6. Quelle protection s’applique ?
Un lanceur d’alerte doit non seulement avoir la certitude de pouvoir faire son signalement anonymement, mais il doit également être protégé contre d’éventuelles représailles telles que le licenciement, la suspension, la rétrogradation ou la mutation. La loi belge prévoit une indemnisation de 18 à 26 semaines de salaire pour la victime de telles représailles. Si le collaborateur n’est pas un salarié, l’indemnisation s’élève au montant du préjudice réellement subi. Dans notre pays, il n’y a pas de date de prescription à cette protection. Mais ceux qui signaleraient intentionnellement des informations fausses ou trompeuses ne seront pas protégés. Toutefois, s’il s’avère que le signalement est incorrect ou infondé, mais que le collaborateur a agi en toute bonne foi, il ne perdra pas le bénéfice de la protection.
7. Que se passe-t-il si une entreprise a commis une faute ?
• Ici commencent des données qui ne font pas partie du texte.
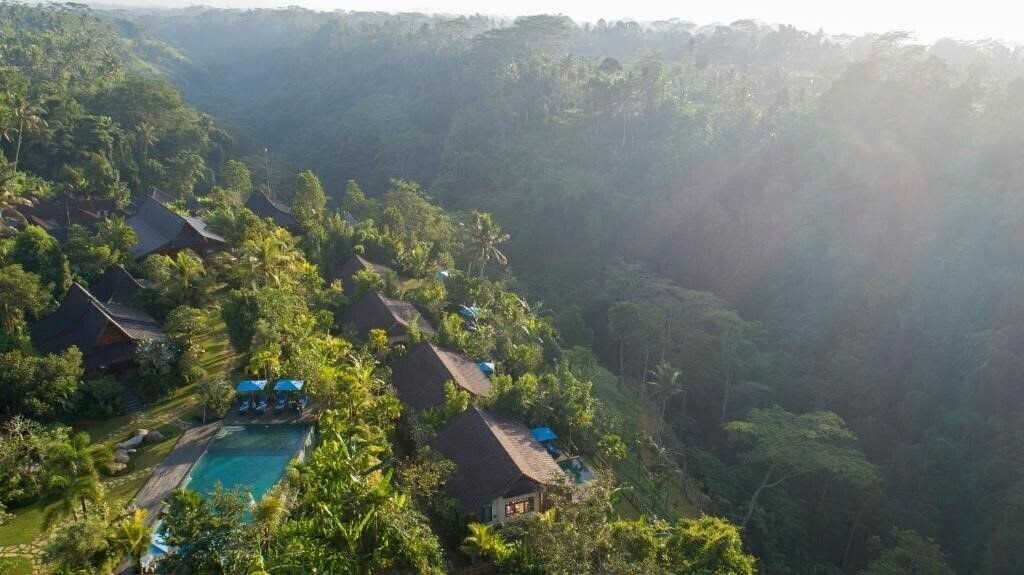 Готель Ubud Valley Boutique Resort 4*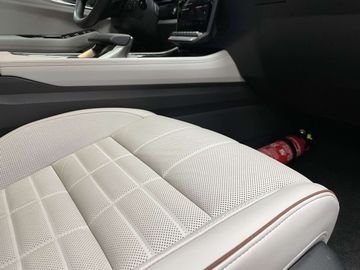 Car image 37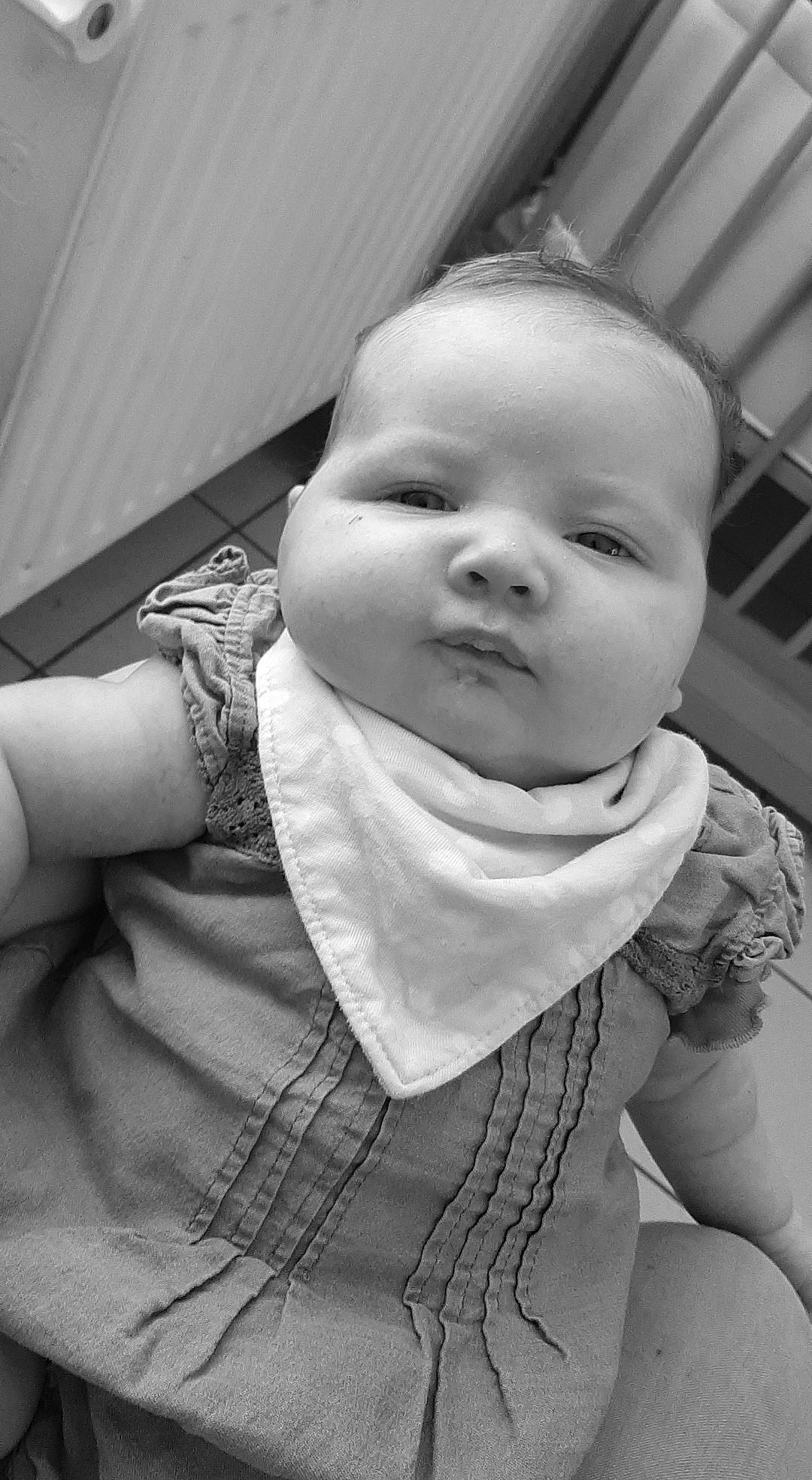 Annaëlle a rejoint le concours — aidez-le/la à gagner de superbes lots ! baby, black_and_white, cheek, child, chin, eye, face, head, lip, monochrome, monochrome_photography, nose, person, photograph, photography, portrait_photography, skin, smile, style, toddler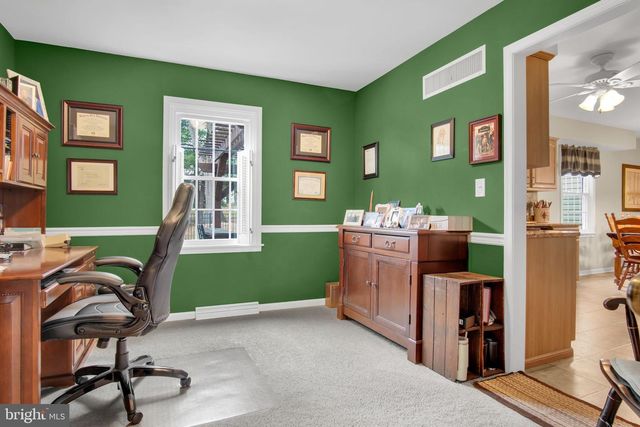 882 HAWTHORN AVENUE, Mechanicsburg, PA 17055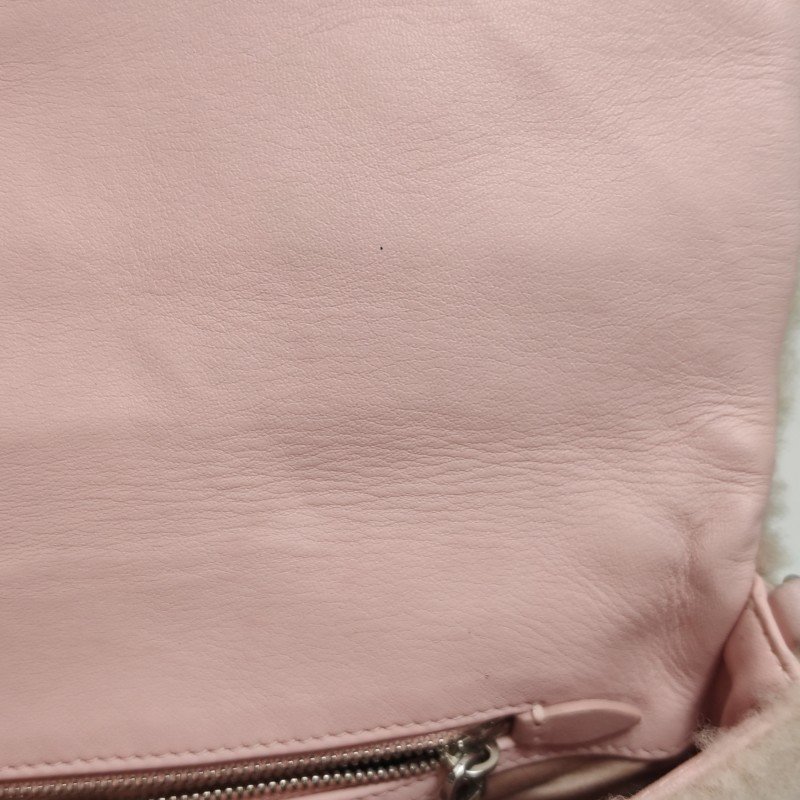 Miu Miu Miu Crystal系列羊皮毛絨珩縫鑽飾單肩包-17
Les entreprises qui n’offrent pas un canal de signalement adéquat, n’enregistrent pas et/ou ne suivent pas la procédure de signalement, font obstruction à un signalement, exercent des représailles contre un collaborateur ou violent la confidentialité de son anonymat risquent bien évidemment une sanction. Emmanuel Plasschaert : “En plus d’une peine de prison théorique de six mois à trois ans, l’entreprise risque alors une amende de 2 400 à 48 000 euros.” Les conséquences sur l’image de l’entreprise ne sont pas non plus à sous-estimer.
8. Existe-t-il des alternatives ?
Si le canal de signalement interne est insuffisant ou si l’entreprise n’inspire pas confiance, le lanceur d’alerte peut directement aller se plaindre auprès du médiateur fédéral ou des organisations sectorielles. Ces derniers doivent l’informer, le guider et le soutenir. Si l’infraction constitue un danger immédiat pour l’intérêt public ou s’il y a un risque de destruction de preuves, le signalement peut également se faire par voie de presse.
9. Existe-t-il d’autres canaux de signalements obligatoires ?
“Il n’existe pas d’autres canaux de signalements obligatoires au sens strict”, indique Evelien Jamaels. “Les employeurs doivent toutefois disposer d’une procédure d’intervention informelle et formelle en cas de risques psychosociaux, par exemple en cas de comportement déplacé à caractère sexuel ou de harcèlement. Il existe également des obligations pour un service de prévention de préférence combiné à des personnes de confiance. Et un délégué à la protection des données doit également être désigné dans le cadre du GDPR.”